In Transformer models, sequences of variable lengths are typically padded to the maximum length in a batch. However, if my sequence lengths vary significantly, the batch may contain a substantial amount of padding (potentially over 50%).
I am curious about the following:
When PyTorch computes the Transformer, do padding tokens impact calculation speed negatively? Does the presence of the attention mask allow the model to effectively skip over padding tokens, resulting in only a minimal performance impact?
Overall, how effective is the attention mask? If I have a sparse attention mask with only 10% non-zero values, does the computation effectively reduce to approximately 10%?
Thank you for your insights!
Attention is computed on a tensor of shape (batch_size, sequence_length, embedding_dimension)
. The compute and memory requirements scale with the size of those dimensions.
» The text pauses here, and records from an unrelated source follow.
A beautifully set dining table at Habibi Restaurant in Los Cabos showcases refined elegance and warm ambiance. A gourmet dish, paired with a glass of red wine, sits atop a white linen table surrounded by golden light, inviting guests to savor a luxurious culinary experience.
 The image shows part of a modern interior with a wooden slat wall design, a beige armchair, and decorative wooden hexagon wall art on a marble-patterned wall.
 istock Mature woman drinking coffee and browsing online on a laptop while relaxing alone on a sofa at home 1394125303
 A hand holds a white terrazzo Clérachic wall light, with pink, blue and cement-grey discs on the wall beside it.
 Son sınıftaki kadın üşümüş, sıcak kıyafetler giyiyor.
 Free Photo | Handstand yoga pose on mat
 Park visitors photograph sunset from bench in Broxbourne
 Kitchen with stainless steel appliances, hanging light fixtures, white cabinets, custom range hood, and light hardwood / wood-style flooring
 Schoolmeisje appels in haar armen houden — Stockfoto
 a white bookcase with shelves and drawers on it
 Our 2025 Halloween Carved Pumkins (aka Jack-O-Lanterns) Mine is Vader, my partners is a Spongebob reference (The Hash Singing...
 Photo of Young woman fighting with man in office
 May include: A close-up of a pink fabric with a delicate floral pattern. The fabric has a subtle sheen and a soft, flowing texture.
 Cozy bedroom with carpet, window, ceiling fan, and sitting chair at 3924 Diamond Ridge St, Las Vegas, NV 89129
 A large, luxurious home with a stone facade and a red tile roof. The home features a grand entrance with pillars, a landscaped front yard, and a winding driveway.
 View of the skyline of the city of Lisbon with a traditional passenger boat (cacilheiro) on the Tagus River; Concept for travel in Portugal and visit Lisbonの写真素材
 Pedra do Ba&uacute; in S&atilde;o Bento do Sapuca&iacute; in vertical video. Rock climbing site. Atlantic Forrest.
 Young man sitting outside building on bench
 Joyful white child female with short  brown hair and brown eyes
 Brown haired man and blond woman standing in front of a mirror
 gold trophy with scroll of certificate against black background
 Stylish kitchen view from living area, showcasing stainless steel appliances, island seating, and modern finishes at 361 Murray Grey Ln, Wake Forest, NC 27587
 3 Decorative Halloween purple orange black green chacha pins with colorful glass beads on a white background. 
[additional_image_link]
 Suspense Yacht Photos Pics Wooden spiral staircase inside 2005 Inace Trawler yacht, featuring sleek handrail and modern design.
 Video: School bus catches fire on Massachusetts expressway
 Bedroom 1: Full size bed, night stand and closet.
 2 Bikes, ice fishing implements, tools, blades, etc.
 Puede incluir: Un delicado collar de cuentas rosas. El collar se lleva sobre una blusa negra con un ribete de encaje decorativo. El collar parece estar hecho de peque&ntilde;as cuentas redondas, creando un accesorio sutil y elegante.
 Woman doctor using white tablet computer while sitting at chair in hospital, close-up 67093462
For an input of fixed size, the percent padding does not impact performance. There is some minor overhead from applying a padding mask at all (ie not having a padding mask saves you one mask fill operation), but between x% padding and y% padding you're not going to see a difference. The overall compute requirements are set by the tensor size.
With respect to batching sequences, there can be added inefficiencies for batching together sequences of wildly different length. Say you have 10 sequences of length 8
and 10 sequences of length 128
. Now pad and batch those sequences into two batches. If you mix lengths evenly, you get two batches with a sequence length of 128
. If you sort by length before batching, you get one batch with sequence length of 8
and another with length 128
. The first case (two batches of sequence length 128) requires overall more compute compared to the second case (one batch of 8, one of 128).
That said, for a fixed input size, you aren't going to see a performance change from the percent padding. There is no way for the attention operation to "skip over" padding tokens. The conditional control flow required for that sort of approach doesn't work well with the way GPUs execute operations in parallel. The only effect of the padding mask is it assigns 0 attention weight to padding tokens.